Open Access publication must become the standard for all academic publications, says Paul de Laat. As a lecturer in Philosophy of the Information Society at the University of Groningen he is conducting research on the changing attitudes towards software-related intellectual property rights. The main advantage of Open Access is that publications become much more widely known. ‘Since my articles have become freely available, I’ve been cited more quickly and much more often’.
‘Open Access in an academic context means that articles are free to access and that the author gives permission for them to be distributed’, says De Laat. ‘To everyone’, he adds. ‘That means without barriers and straight after publication, not a month or a year later’. The original idea behind the internet – easy and open access to everything – still needs to be realized. The bulk of academic articles are still not accessible. ‘They are still locked away and only accessible at a price. That has to change’.
The most important reason for opening up access to academic articles, according to De Laat, is the much broader reach that the articles will have. ‘Everyone, from India to Tokyo, can download a publication in order to keep up to date on the latest developments and to contribute where possible. Here in the West academics often already have that opportunity. Most universities have subscriptions to the most important journals. Open Access is especially important for non-Westerners, and that in turn is important for the development of academics’.
De Laat hopes that the ideal of freely available publications will inspire academics. ‘I recently spoke to a colleague who told me that he posts all of his publications on his own website so that his colleagues can find them easily.

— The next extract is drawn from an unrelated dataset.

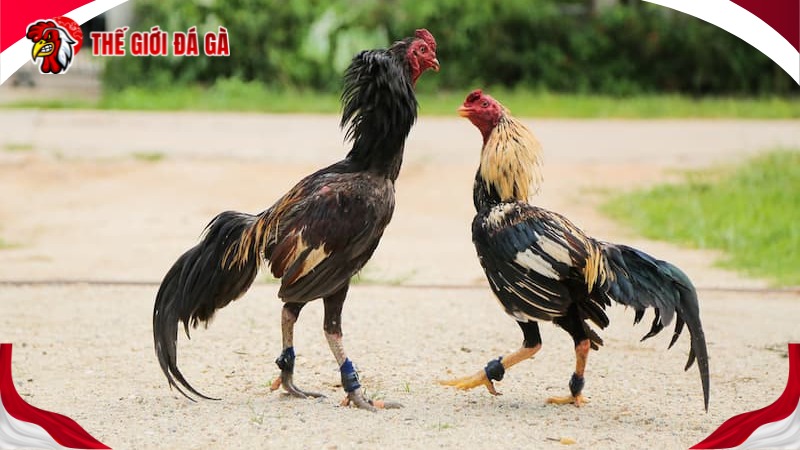 Có thể vô mồi cho gà bằng thực phẩm chức năng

This is a good start, but what is important to me about the Open Access publication model is that it will lead to new colleagues. Colleagues you weren’t even aware of’. And that is what makes a change in publication model necessary. The publications must be offered through media with good reputations that strictly adhere to peer review systems.
The first steps have been taken. For example, Springer Media has signed a contract with all universities enabling university staff to publish in Springer journals via Open Access without having to pay. This is an experiment to see how many people actually want to make use of this option. Generally you do have to pay to publish. De Laat: ‘What universities can do is give their academics a budget. When they are appointed they can reserve an amount for Open Access publications’.
De Laat realizes that there are also drawbacks. ‘Most people first go to the most prestigious journals to try and publish there. They are mainly working on their own careers, rather than making the results of their research as widely accessible as possible’. But he does think that publishing in prestigious journals can be combined with Open Access, even though it might take a while before these journals shift their approach to the Open Access system. ‘Ideally, a new and prestigious platform will emerge with the Open Access structure’.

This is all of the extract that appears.